Não há metáfora mais clara e universal do que a fragilidade do corpo humano e o seu inexorável destino que são a ruina e a morte. Nos desenhos apresentados nesta exposição, a procura de uma beleza efémera, ainda que inefável, é um percurso que se observa nos trajetos e trabalhos das artistas Teresa Gonçalves Lobo e Conceição Abreu, quer através de movimentos elípticos no papel, quer na procura de uma ordenação, ainda que não consciente; ambas as artistas tentam transportar-nos para Universos que vão sendo construídos/destruídos/substituídos dentro de folhas brancas que se transfiguram incessantemente. Linhas claras e volumes vão mudando em espaços dissonantes, como o próprio espaço ocupado pelo homem ou como as paisagens mutantes conquistadas pelo Imperador e que o próprio Império olhava como apenas pontos em mapas, mapas esses trazidos no seu devir artístico mas vazios. Vazios de seres humanos e das suas ações, vazios de animais, aves. O conjunto apresentado pelo artista Jorge dos Reis evoca-nos essas paisagens onde novos elementos se vão substituindo a toda a vida aí existente.
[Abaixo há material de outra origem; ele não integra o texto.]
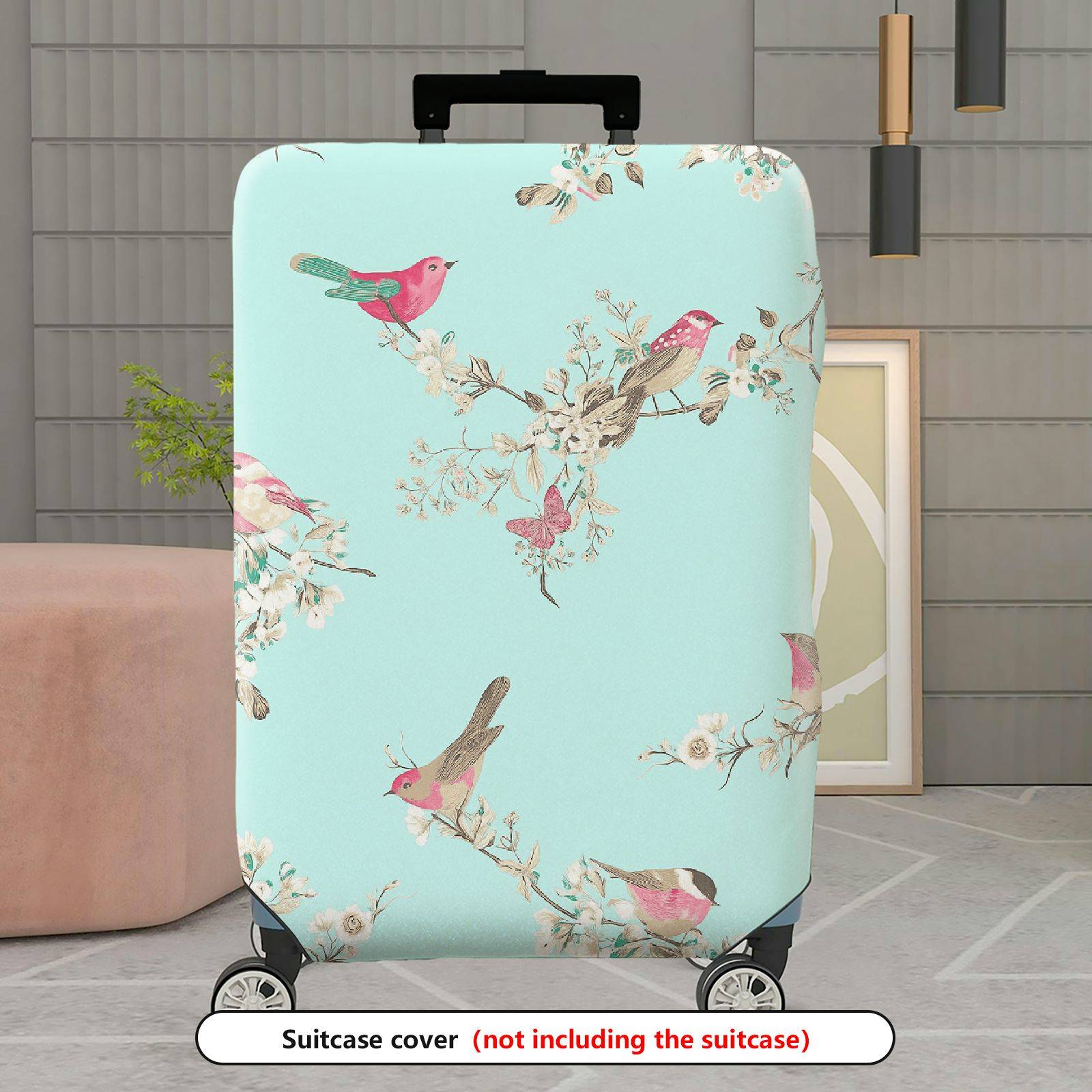 1-Piece Bird Flower Branch Butterfly Pastel Romantic  Suitcase Luggage Cover, Stretch Protective Sleeve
O autor vai moldar a disposição da imagem, do texto, das cidades, dos muros e vai criar um papel subvertido e subversivo na ausência do eu, vai criar um novo mundo e vai transformar-se num novo “Imperador da criação”.

Espero que com esta exposição, os skylines imaginários que emergem dos trabalhos aqui apresentados possam fazer com que os perfis de todos e de cada um permitam contrastar com o leque de oportunidades inspiradas pelos pensamentos do filósofo Marco Aurélio.
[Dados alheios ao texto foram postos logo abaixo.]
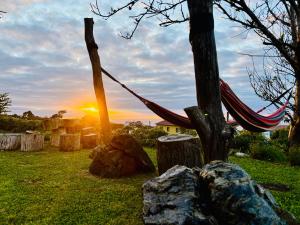 a hammock tied to a tree with a sunset in the background at Biscoitos Top View in Biscoitos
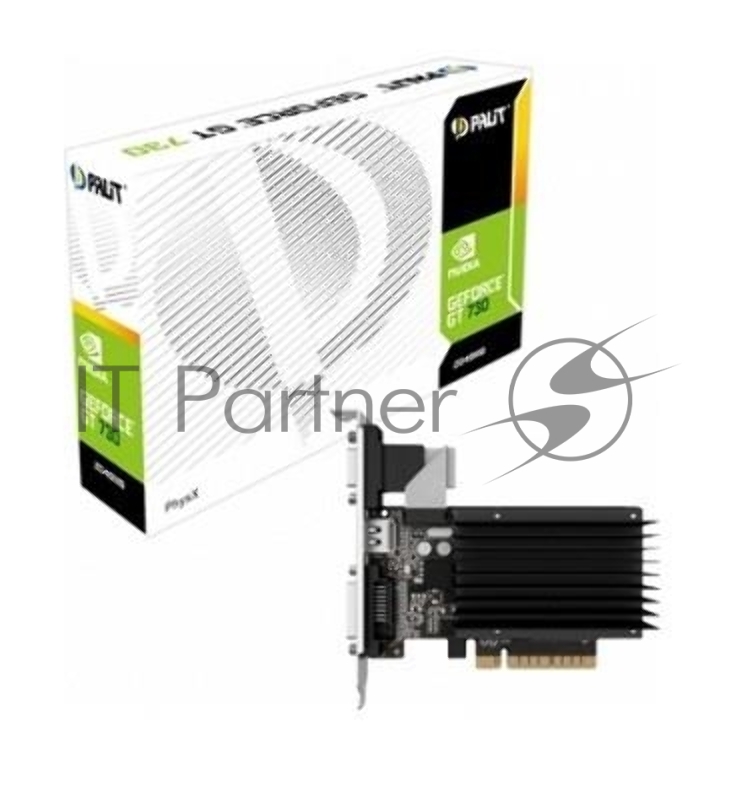 Видеокарта Palit GeForce GT 730 2ГБ (GeForce GT 730, DDR3, D-Sub, DVI, HDMI) (PCI-E)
O grande desafio que deixaria a todos os visitantes é que se permitam, de alguma forma, ser tocados pela criatividade entre a antiguidade e a contemporaneidade, porque foi essa a ideia que me levou a trabalhar com estes sete Mestres do saber imaginar; gostava que estes processos mentais de renovação e reunificação da arte fossem cenário da nossa vida, inseparáveis da nossa experiência, numa nova sociedade do seculo XXI, funcional e emocional, entre a estrutura do ver e a vivência da Arte como a beleza e a ruina.
E termino com as sábias palavras do autor que inspirou esta exposição: ” Se os objectos que te perturbam, porque os buscas ou evitas, não vêm ao teu encontro, mas, pelo contrário, em certo sentido, és tu que vais ao encontro deles, ajuíza deles com paz e sossego: eles estarão quietos se tu os não procurares nem evitares…(livro XI, 11)”.